Bien avant que les premières femmes de l’histoire ne consignent leur capacité à résoudre des problèmes mathématiques complexes, à s’engager dans des travaux scientifiques, à guérir, à écrire des livres et à porter des pantalons, une rébellion contre des règles profondément ancrées et non écrites sur ce que la société attend des femmes a commencé. Cependant, une nouvelle vague d’émancipation est menée par des femmes qui expriment haut et fort leurs attentes vis-à-vis de la société. Leurs voix pour le changement dans le statut et la représentation des femmes dans des postes de direction dans les sphères d’affaires et économiques de la société sont sans réserve données par les avocates Tarja Krehić et Nikolina Staničić, qui opèrent activement au sein de l’Association croate des femmes dans la profession juridique (HUZUPP), qui a récemment organisé une conférence sur le rôle des femmes dans les rôles politiques et économiques dans l’espace public, social et commercial.

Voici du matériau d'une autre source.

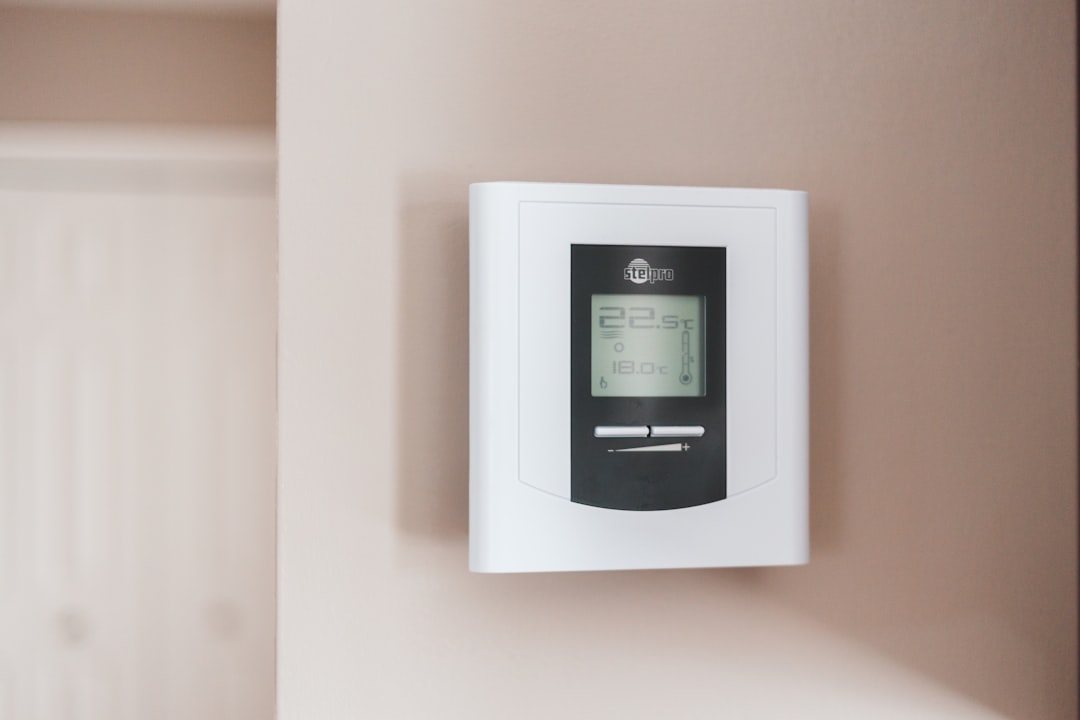 Smart thermostat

– Notre association travaille principalement sur l’affirmation des femmes dans la profession juridique, mais nous plaidons également pour l’amélioration du statut des femmes dans toutes les professions. Comparé à d’autres pays européens pendant cinquante ans de socialisme et de communisme, nous n’étions pas aussi menacés en termes de représentation des femmes en politique et en affaires qu’aujourd’hui. En Croatie, il n’y a pas eu un nombre satisfaisant de femmes dans des postes de direction dans la profession juridique, les affaires et la politique au cours des 25 dernières années, car pas assez de choses sont faites pour inverser ces tendances négatives dans une direction positive. Par exemple, nous avons une loi excellemment rédigée qui prescrit un quota de 40 pour cent de femmes sur les listes électorales politiques, ce que presque aucun pays de l’Union européenne n’a. Cependant, le problème est le manque de sa mise en œuvre et l’absence totale de sanctions pour son non-respect – souligne Krehić, présidente de l’Association croate des femmes dans la profession juridique, qui ouvre de telles discussions à travers l’association.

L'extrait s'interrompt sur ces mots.